On Tue, 31 Jan 2017 21:23:55 -0500,
Joseph Fox-Rabinovitz  wrote:

> Could you show what you are doing to get the statement "However, I
> cannot reproduce this matrix via composition; i.e. by multiplying the
> underlying rotation matrices.". I would guess something involving the
> `*` operator instead of `@`, but guessing probably won't help you
> solve your issue.

Sure, although composition is not something I can take credit for, as
it's a well-described operation for generating linear transformations.
It is the matrix multiplication of two or more transformation matrices.
In the case of Euler transformations, it's matrices specifying rotations
around 3 orthogonal axes by 3 given angles.  I'm using `numpy.dot' to
perform matrix multiplication on 2D arrays representing matrices.

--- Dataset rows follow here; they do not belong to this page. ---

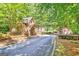 View of the gated entrance into the property from the street, surrounded by luscious green trees at 310 Westbourne Dr, Tyrone, GA 30290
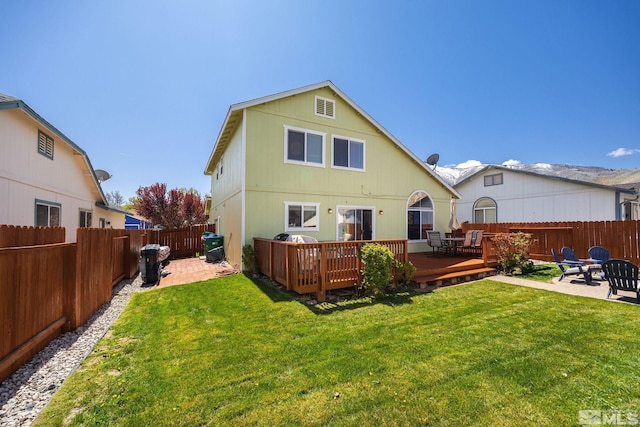rear view of house with a fenced backyard, a patio area, a yard, and a deck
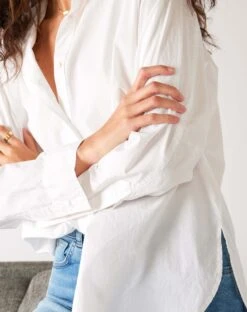 Brontë Relaxed Button Up Shirt -Mersea Sales Store womens white breathable relaxed fit button up shirt front view close up arms crossed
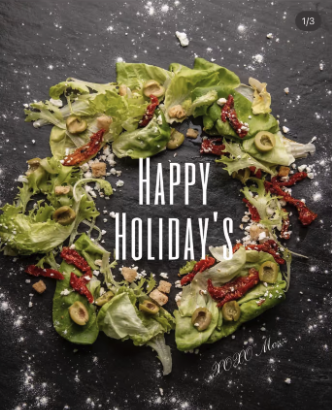 A wreath-shaped salad with "Happy Holiday's" text overlaid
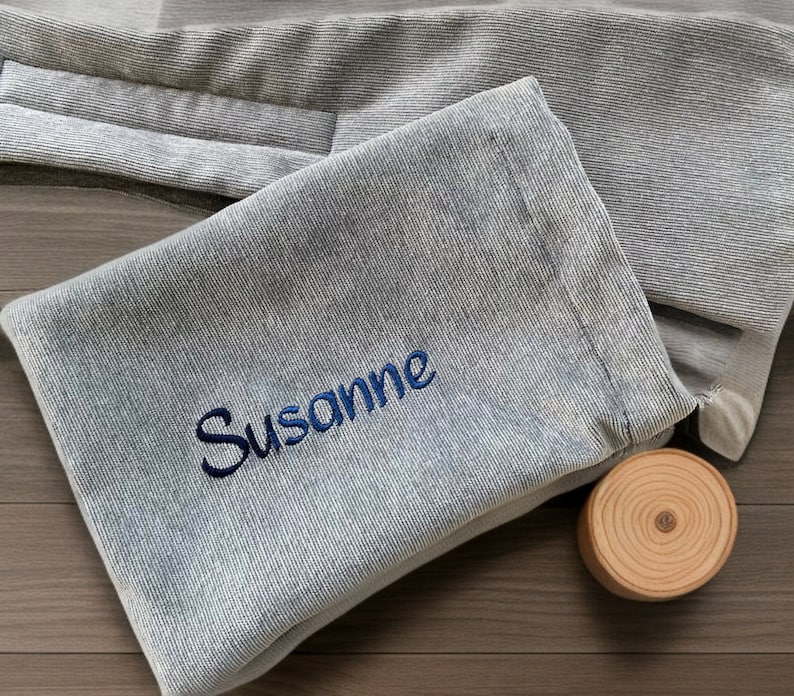 May include: A light blue, textured fabric pouch with the name "Susanne" embroidered in dark blue. A small, round wooden coaster sits beside the pouch. The pouch appears to be folded and has a soft, casual appearance.
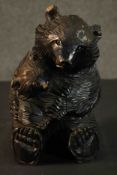 A Black Forest carved seated bear and cub. H.27 W.16 D.15cm.
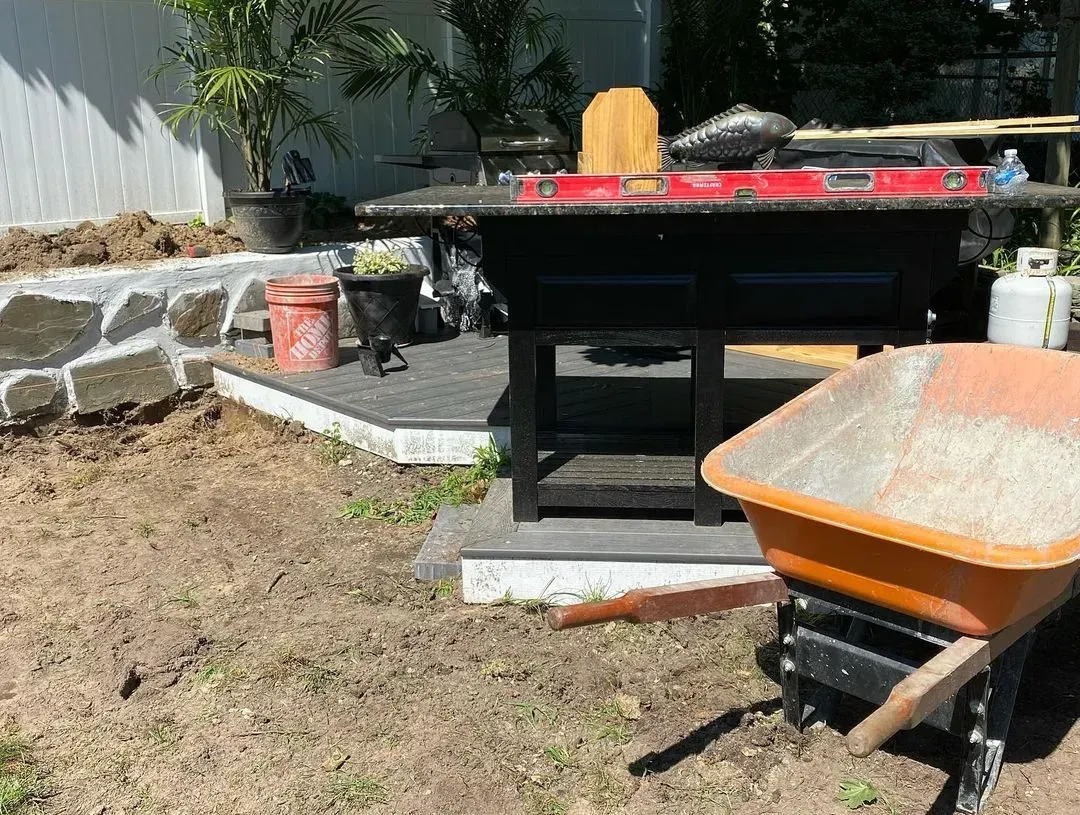 Outdoor workspace with grill, wheelbarrow, retaining wall, and tools.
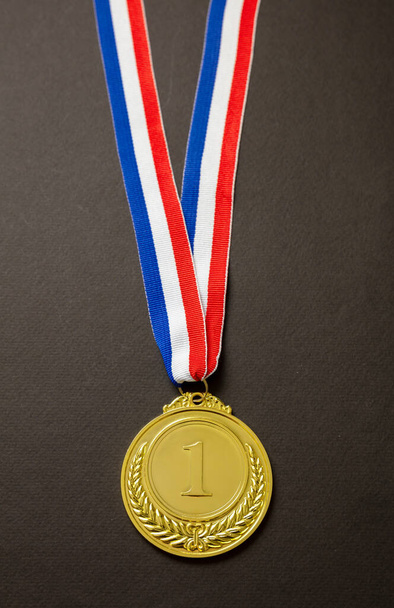 Złoty Medal, Nagroda Zwycięzcy wisząca na czerwonej niebieskiej wstążce. Trofeum sportowca w sporcie dla pierwszego miejsca mistrz izolowany na czarnym tle. - Zdjęcie, obraz
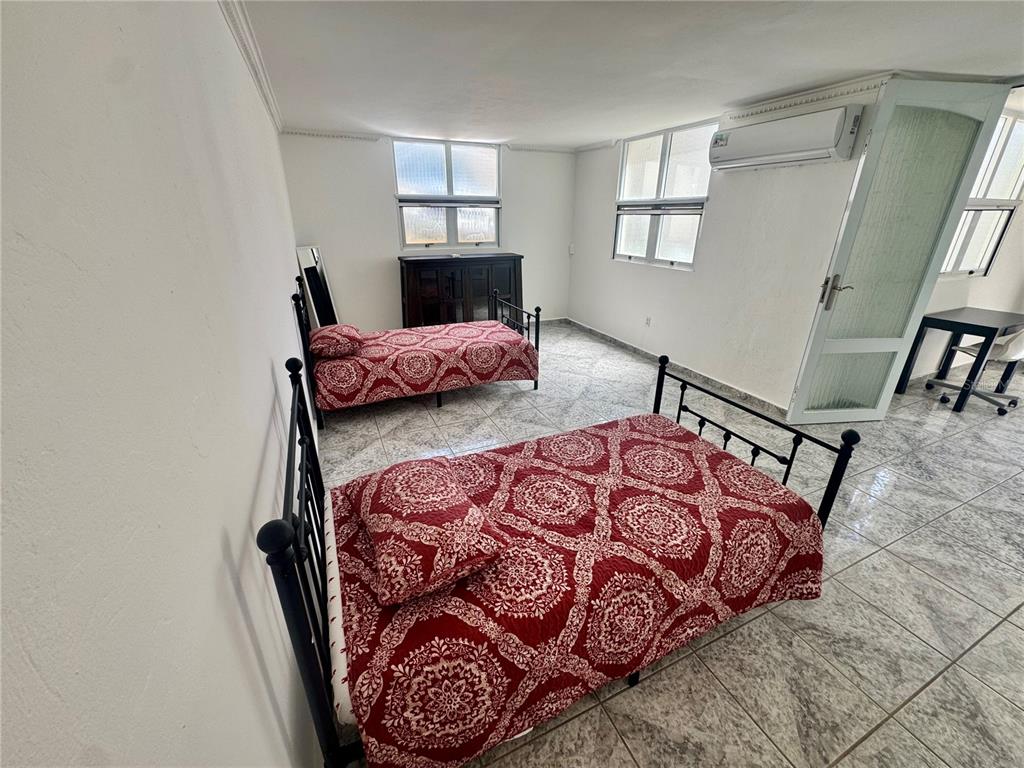 A bedroom with two beds, tiled floors, white walls, and a wall-mounted air conditioner — 125 HARBOUR DRIVE UNIT 8, HUMACAO, PR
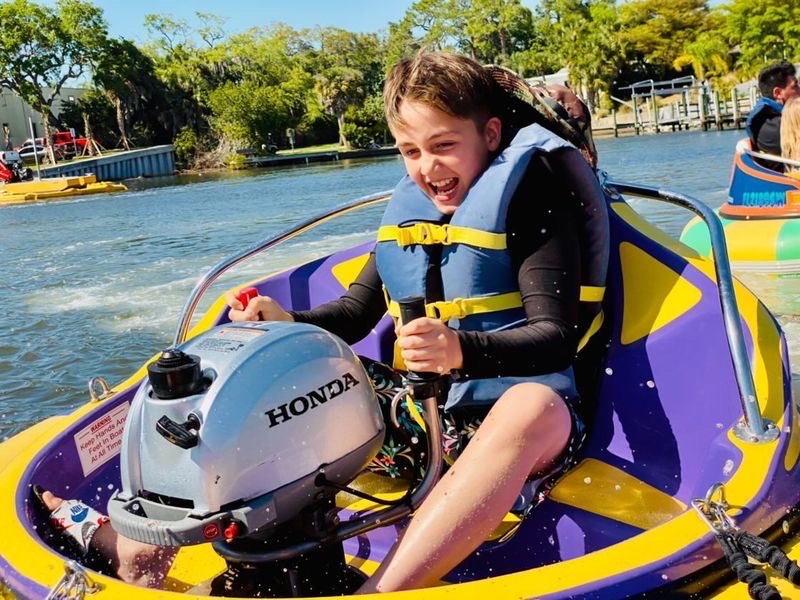 a young child riding on the back of a boat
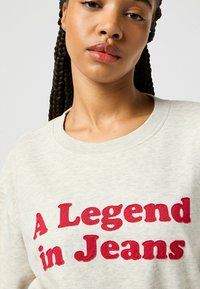 Felpa grigia chiaro con testo ricamato rosso in bold "A Legend in Jeans", con colletto a giro e un tessuto morbido e textured.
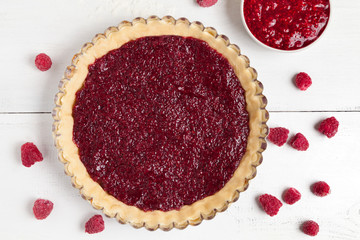 Homemade raspberry pie preparation. Tart with berry jam on white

However, it's not obvious from the link I provided what particular
rotation matrices are multiplied and in what order (i.e. what
composition) is used to arrive at the Z1Y2X3 rotation matrix shown.
Perhaps I'm not understanding the conventions used therein.  This is one
of my attempts at reproducing that rotation matrix via composition:

------
import numpy as np

angles = np.radians(np.array([30, 20, 10]))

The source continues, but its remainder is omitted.